There is a subset of patients that we all know exist, whom you can see the headlines in many places, who call themselves “real food eaters/paleo/primal life stylists.” What you may not know is that patients in this subset search specifically for practitioners “friendly” to their lifestyle to treat and consult with their families, including their children.
The real food/paleo/primalist lifestyle is simply about eating whole foods that provide better fuel for your body and avoiding processed, refined, nutrient-poor factory foods. In addition, some of the more die hard types among these real-food eaters avoid modern medicine and shun traditional physicians as being part of the wheel of “big pharma creating patients instead of making them well.” They get plenty of sleep, play hard, and don’t sweat the small stuff. They also don’t avoid fat. They do avoid all processed and refined sources of carbohydrates (e.g., bread).
You may be scratching your head wondering what in the world this has to do with you or even this blog… so I’m here to tell you. This subset of the population is ever growing and if you have any interest in the way of real food, there is money to be made and patients to be seen by “paleo-friendly physician practices.” I had heard of the Real Food Movement 18 months or so ago but assumed that it was such a small number of people that it could have very little impact on a practice, and then bit by bit it pops up in day-to-day practices, in surveys, and now it is a large enough subset to warrant a second look.
A quick search online shows websites solely dedicated to helping patients find the practitioners in their area. Further snooping shows that the vast majority of the physicians are in fact doctors of chiropractic medicine (one out of 10 is MD/DO). Many of these patients are in fact looking for MDs or DOs for their family and our unable to find them.
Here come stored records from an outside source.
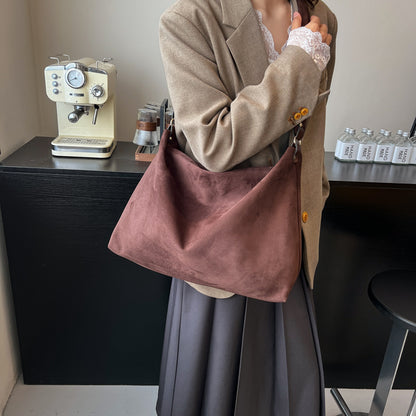 Retro Suede Shoulder Tote Bag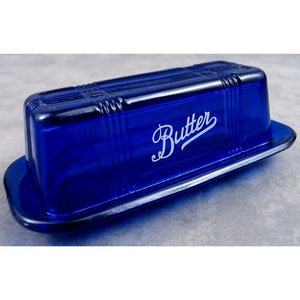 Cobalt BLUE Glass BUTTER DISH for 1/4 lb Stick Depression Style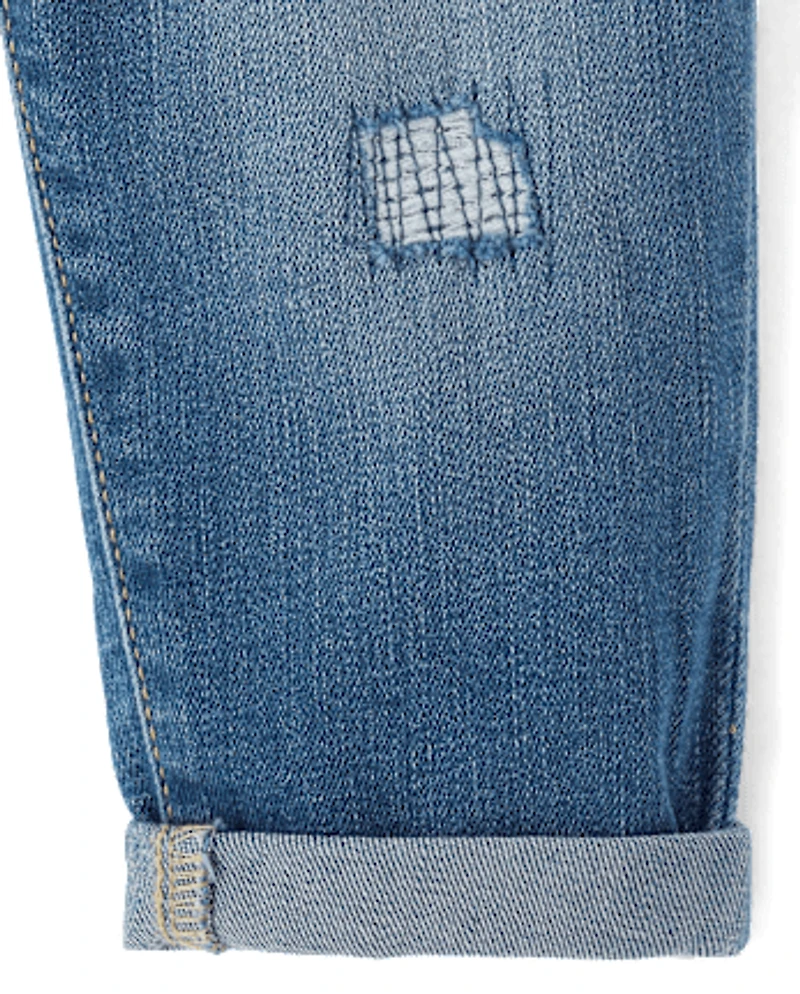 Jean Girlfriend à revers retroussés pour petites filles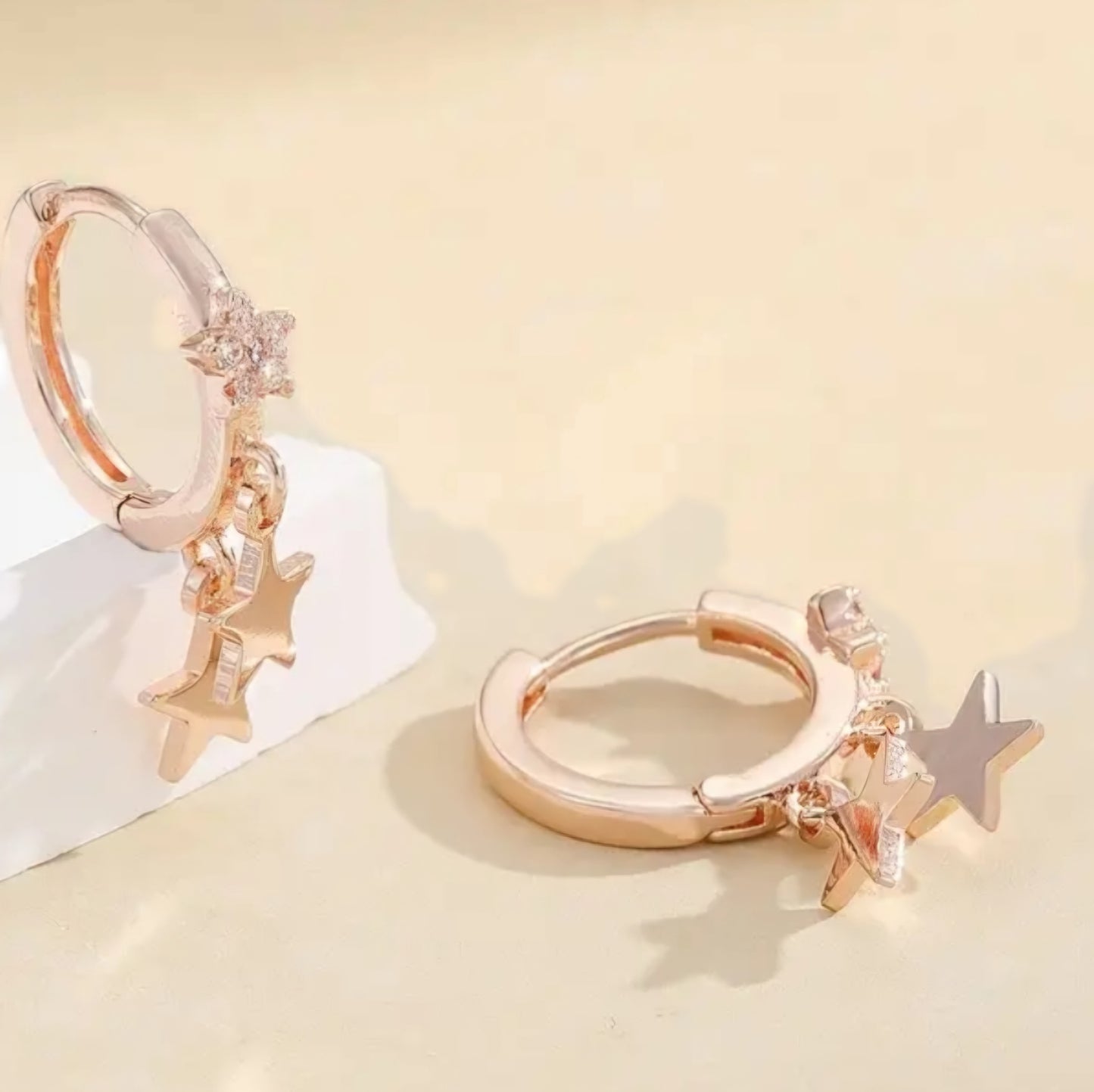 Copper Filled Rose Gold Plated Zircon Inlay Star Design Small Hoop Huggie Style Charm Dangle Earrings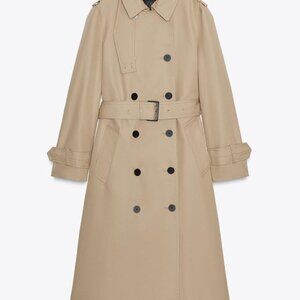 Zara Double-Breasted Trench Coat - Light Camel - Size XS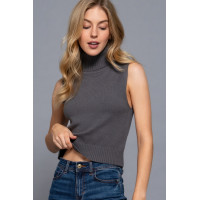 Sleeveless Turtle Neck Sweater Top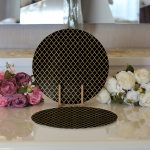 - Supla2li-3393-Gorsel3 - Realhomes  Realhomes Gold Detaylı Ogea Desenli Modern 2'li Yuvarlak Servis Altlığı - Supla Realhomes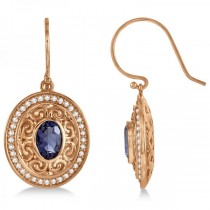 Diamond Accented Iolite Drop Earrings in 14k Rose Gold (1.33ct)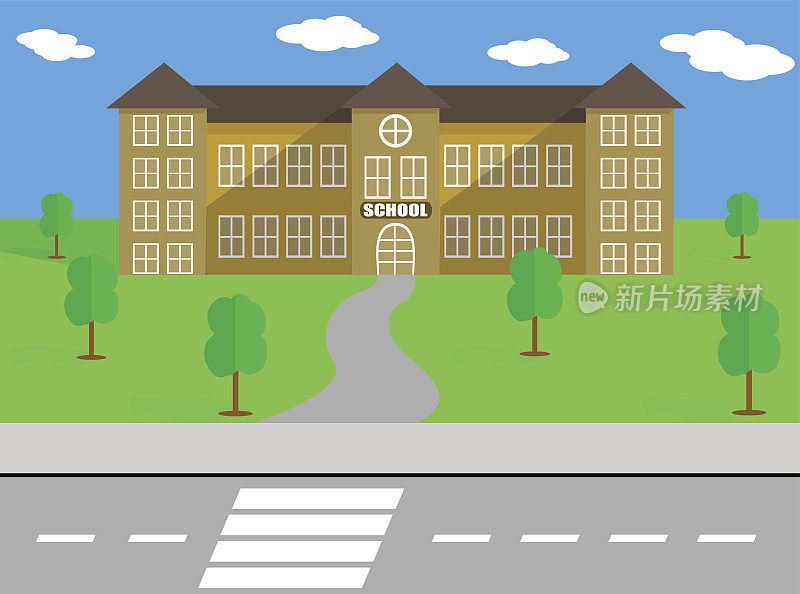 学校建筑和校园背景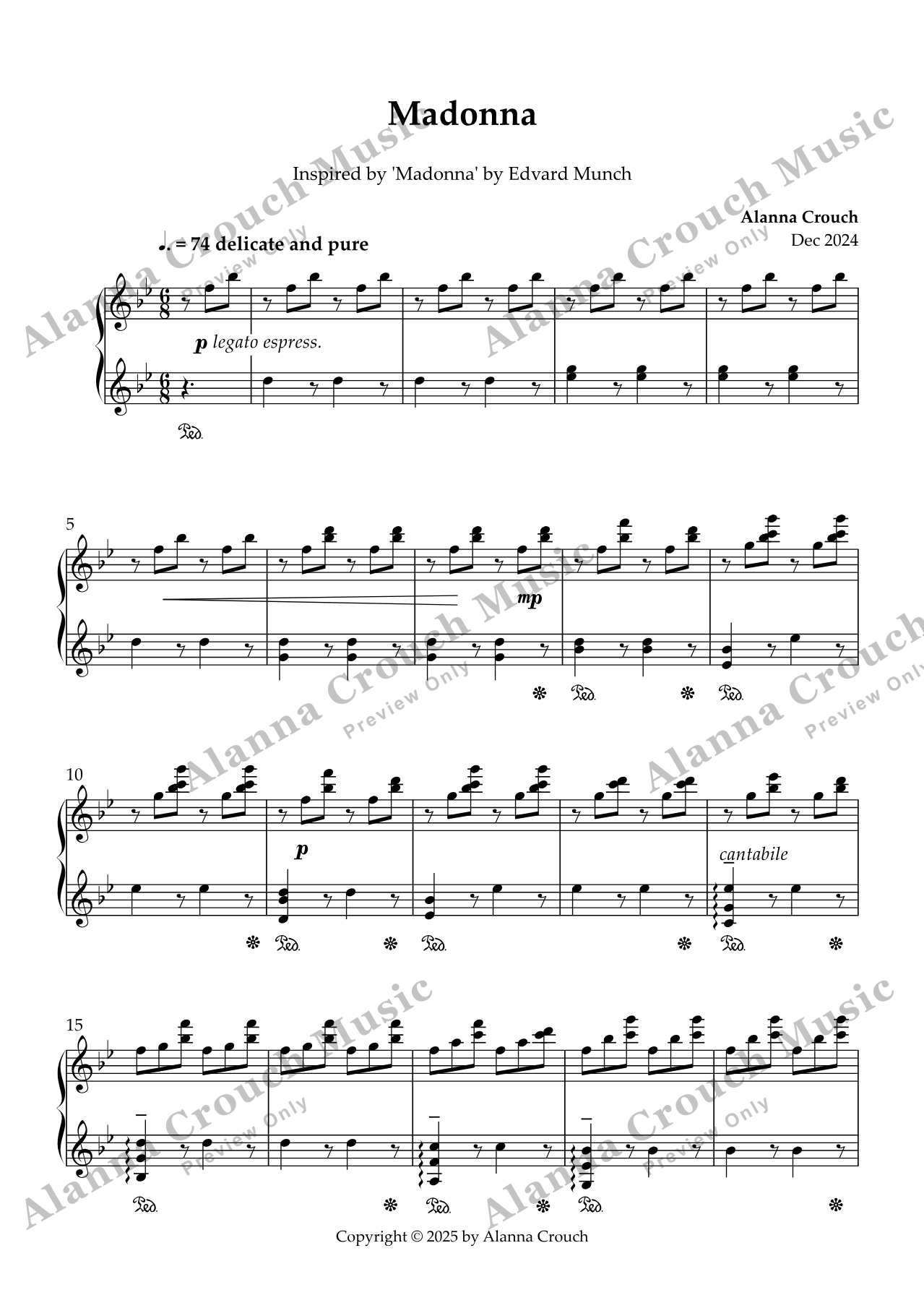 Score page 1 preview of Madonna sheet music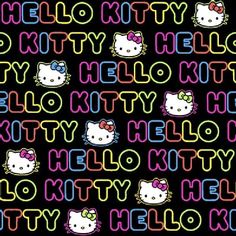 a black background with hello kitty on it and numbers in different colors, including the word hello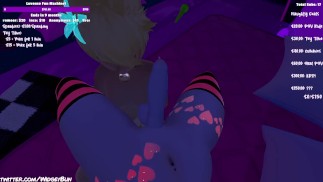Trans Fox Girl Dostane Naplněnou Jehněčí Omáčkou Na Streamu Ve VR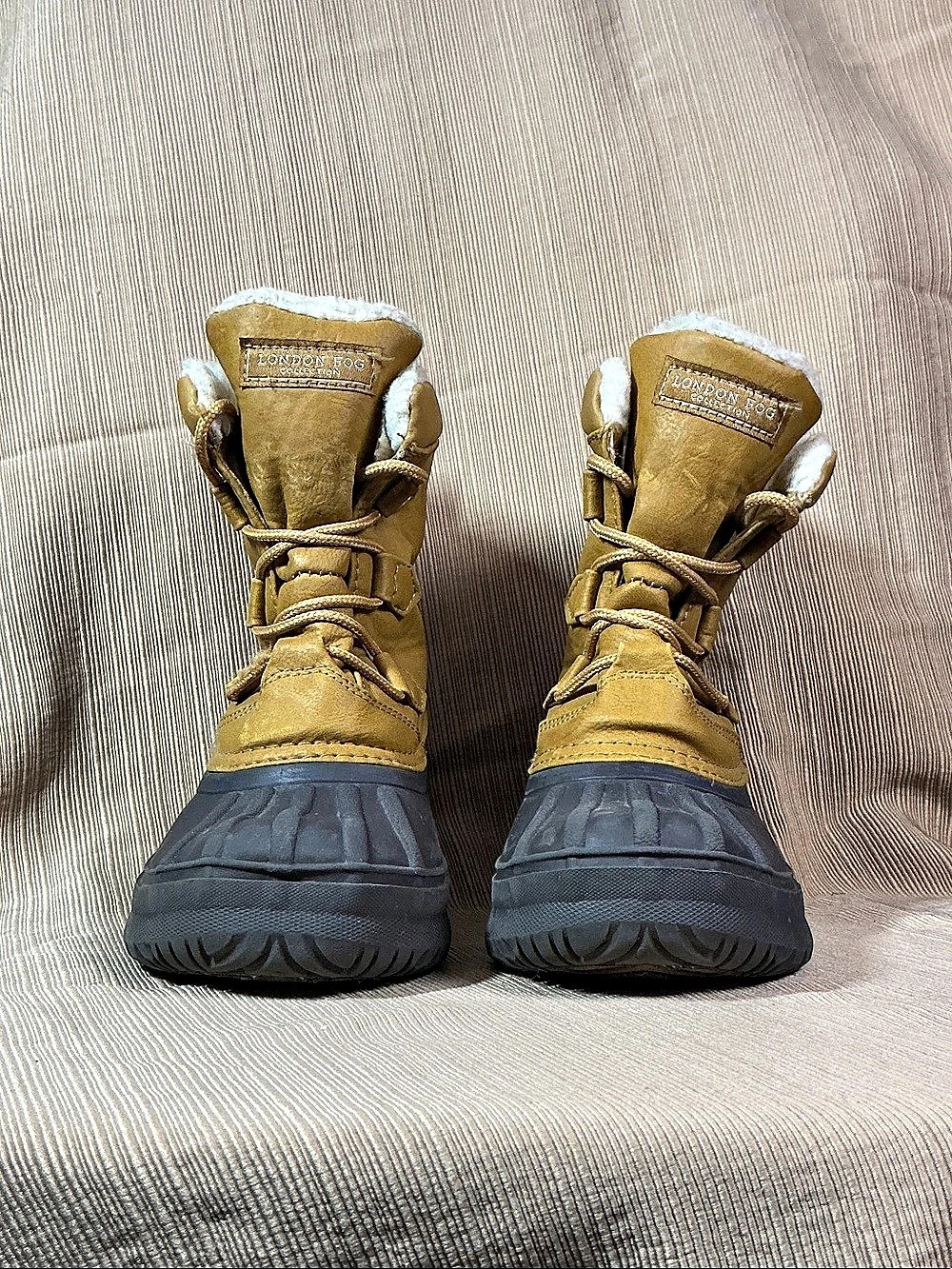 London Fog Winter Snow Boots in Brown & Blue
Real food folks are looking for a physician who is:
1. Health conscious
2. Effective
3. Science-based
4. Sympathetic to the desire avoid mainstream prescription drugs by trying alternatives first
5. Will treat them like an equal partner, intelligent person, educated in medical matters, and invested in their treatmenIf these are concepts that you can get behind, then set the marketing wheels in motion. Let the community and the world know that you are real food friendly and watch your patients per day climb.
Here are a few tips to organically market your open mindedness toward that lifestyle, which you can apply to any specialty lifestyle you are serving:
1. Get listed on the websites that are dedicated to helping these patients find “friendly” physicians. On your clinic’s website/blog/Facebook fan page/Twitter account, let the masses know that you are “real-food friendly.”
2. Add lifestyle questions beyond your typical “have you ever experienced any of the following?” to your new patients forms to get to know what your patients are doing. Follow up the form with actual conversation.
3. Most importantly, read, learn, and listen to the information that is out there and see if there is a way to incorporate these patients into your practice and genuinely help and understand their beliefs. The results could be that you increase your patient load, find new information to help you treat and manage your current patients, or you could decide that you now have a more effective argument to argue against your patients that are converting to this lifestyle. Either way, this lifestyle is growing and warrants a more in depth look to determine if you could grow your practice with these patients.